▶ _Required work_
Every line from the one containing "End Link Conversion" to the end of the records below should be returned exactly; pictures are to be dropped.

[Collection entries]
++++++++++++++++++++

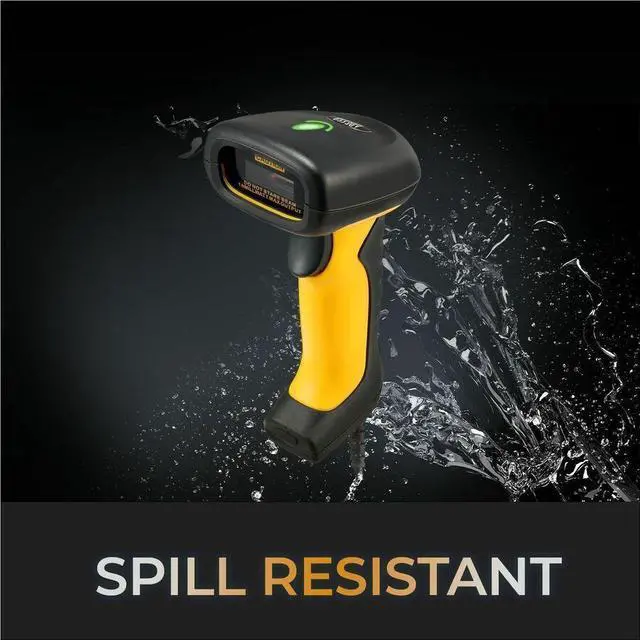 Alt view image 6 of 8 - Adesso Bluetooth & 2.4Ghz Wireless Waterproof 2D Barcode Scanner Nuscan5200 - 18" Scan Distance - 1D, 2D - LED - CMOS - Bi-directional - Bluetooth, Radio Frequency - USB - IP67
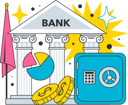 پیش‌نمایش فایل bank-protects-his-money-in-bank-vault-11753296 از پک رشد بانک
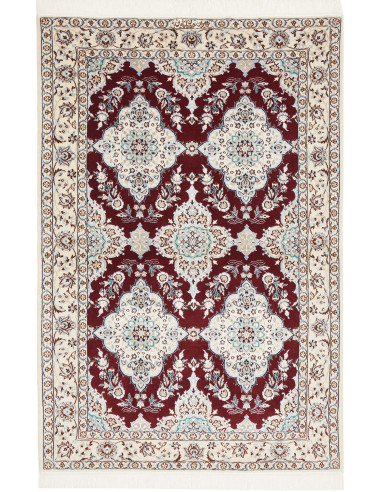 Nain 6la 108x165 Cm Nain 6la Persia Lana Cardata A Mano E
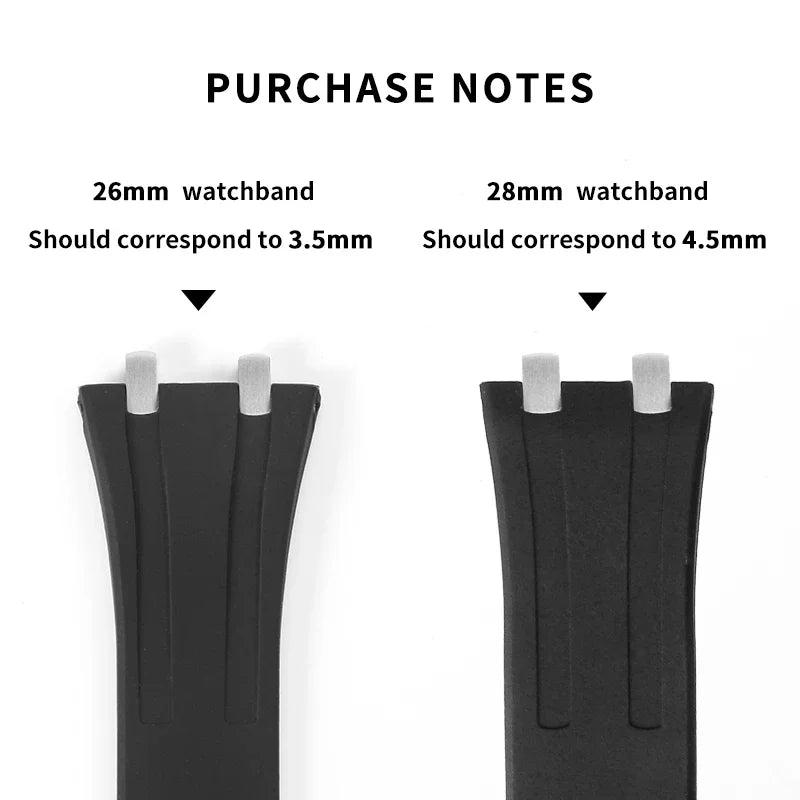 End Link Conversion Kit for AP Royal Oak Offshore Watch Strap
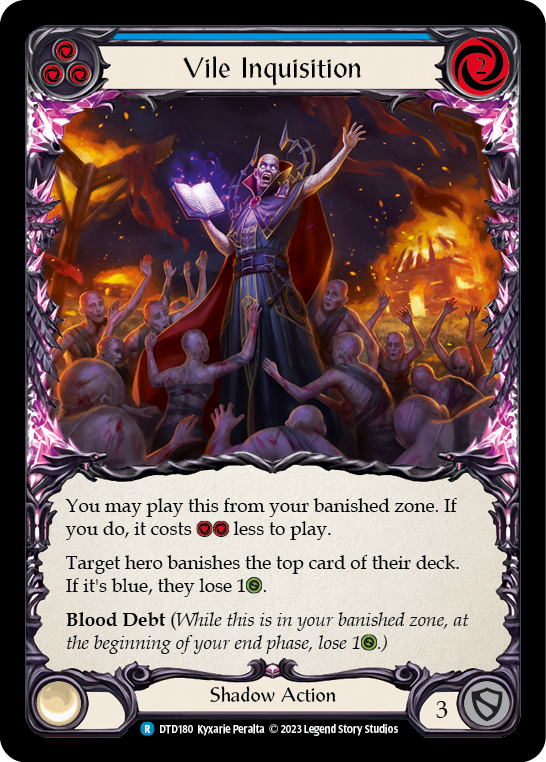 Vile Inquisition (Blue) [DTD180] (Dusk Till Dawn)  Rainbow Foil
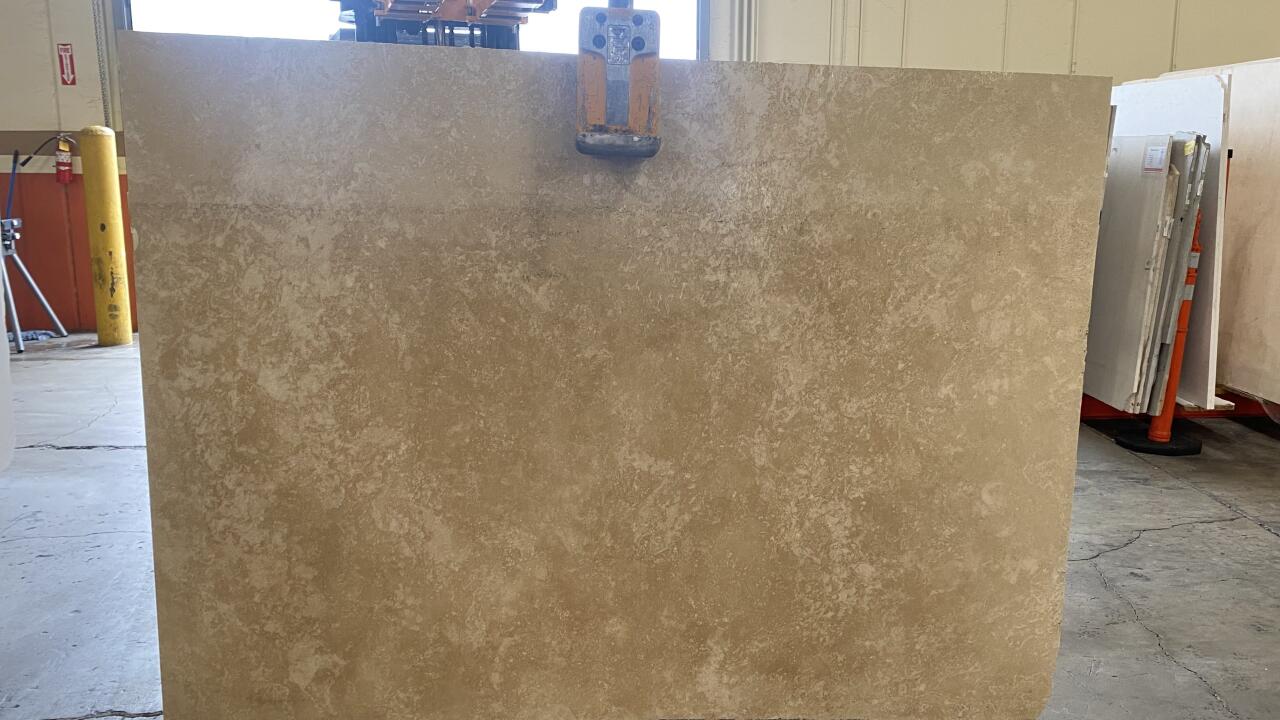 Crema Turco Premium Filled / Honed 2cm Travertine by PACIFICA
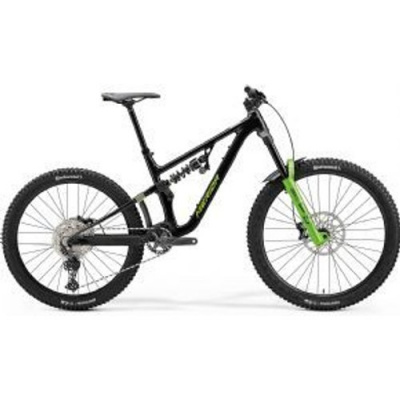 Merida One-Sixty FR 600 Mullet Mountain Bike X-long X-Long - Black/Grey/Green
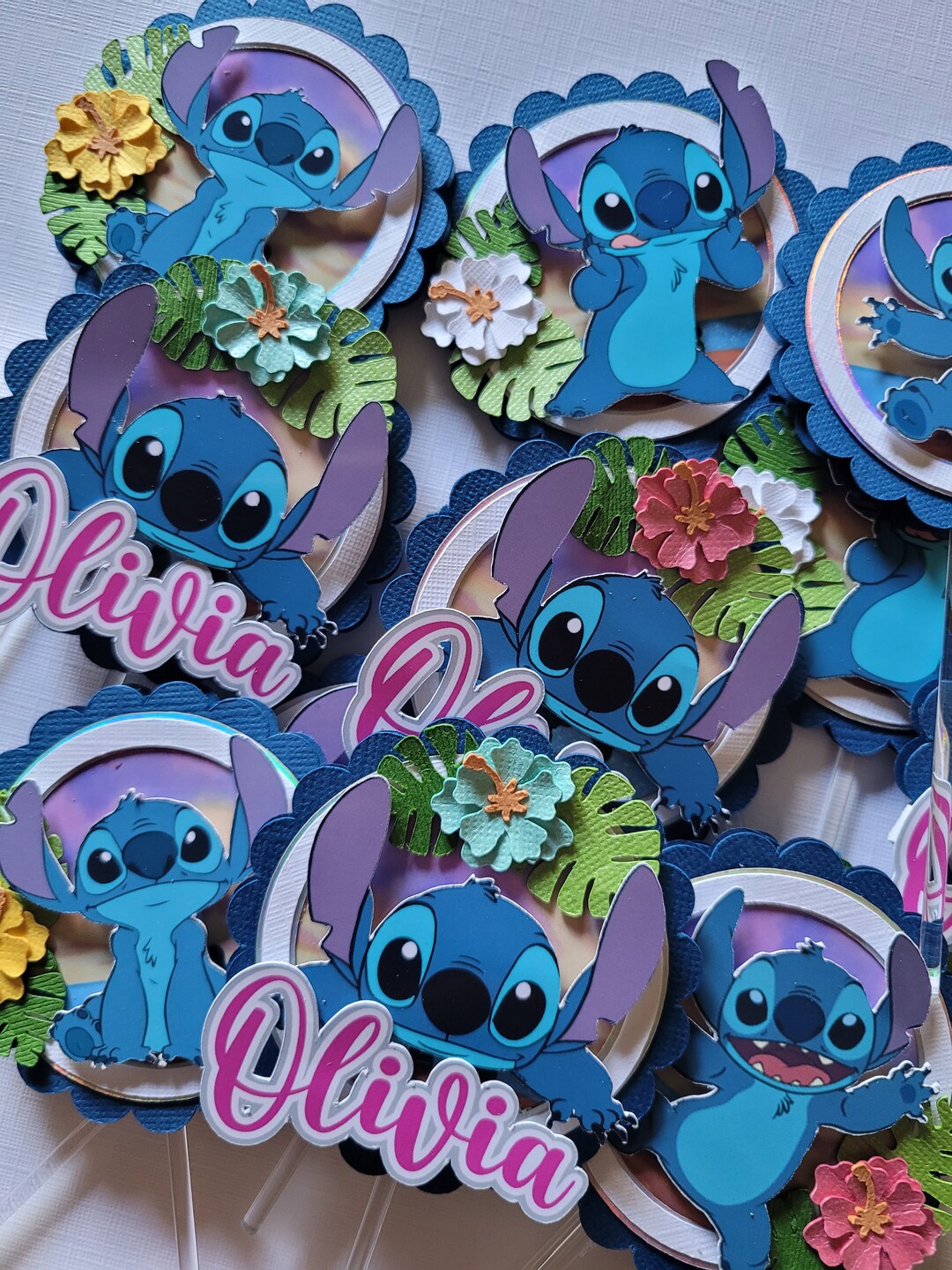 Stitch Cupcake Toppers - Etsy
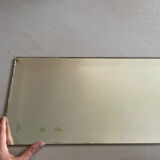 Fine beveled mirror 24x106cm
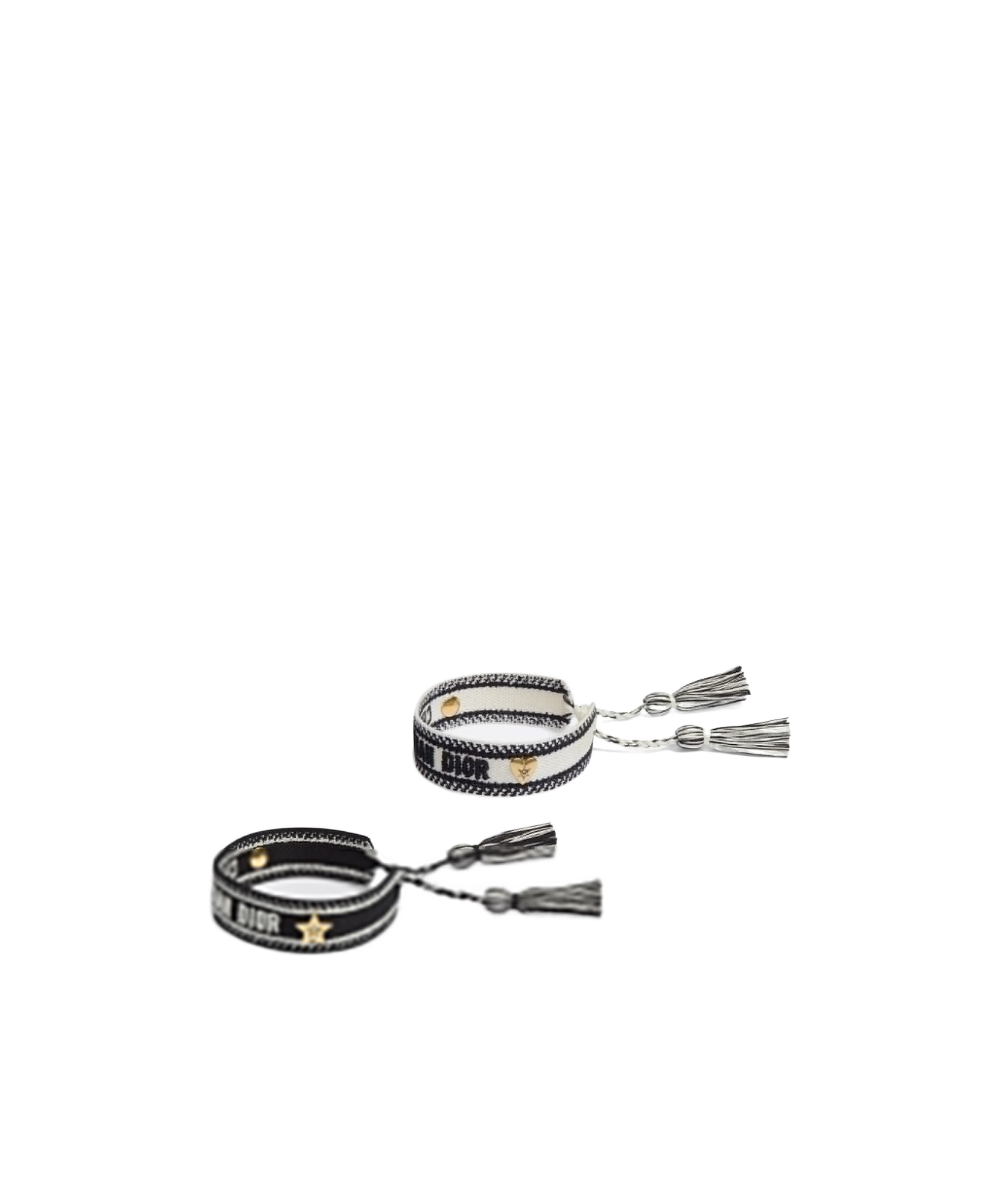 Shop Dior Christian Bracelet Set In Multicolor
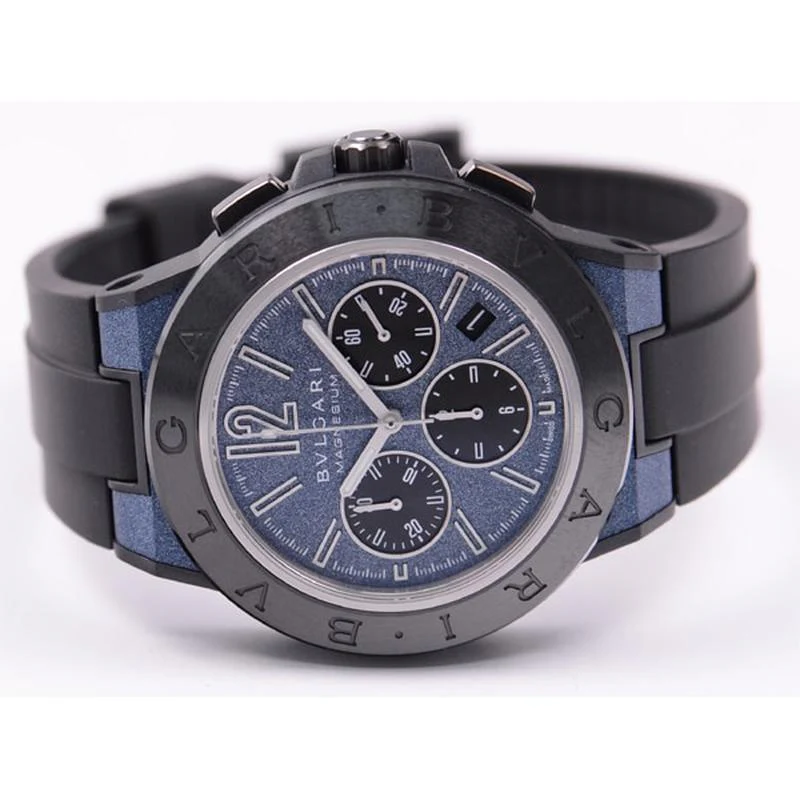 BVLGARI Men's Rubber Strap Watch, Parallel Import, 2-Year Warranty DG42C3SMCVDCH - Image 3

++++++++++++++++++++

▶ _Solution for this exercise_
 End Link Conversion Kit for AP Royal Oak Offshore Watch Strap
 Vile Inquisition (Blue) [DTD180] (Dusk Till Dawn)  Rainbow Foil
 Crema Turco Premium Filled / Honed 2cm Travertine by PACIFICA
 Merida One-Sixty FR 600 Mullet Mountain Bike X-long X-Long - Black/Grey/Green
 Stitch Cupcake Toppers - Etsy
 Fine beveled mirror 24x106cm
 Shop Dior Christian Bracelet Set In Multicolor
 BVLGARI Men's Rubber Strap Watch, Parallel Import, 2-Year Warranty DG42C3SMCVDCH - Image 3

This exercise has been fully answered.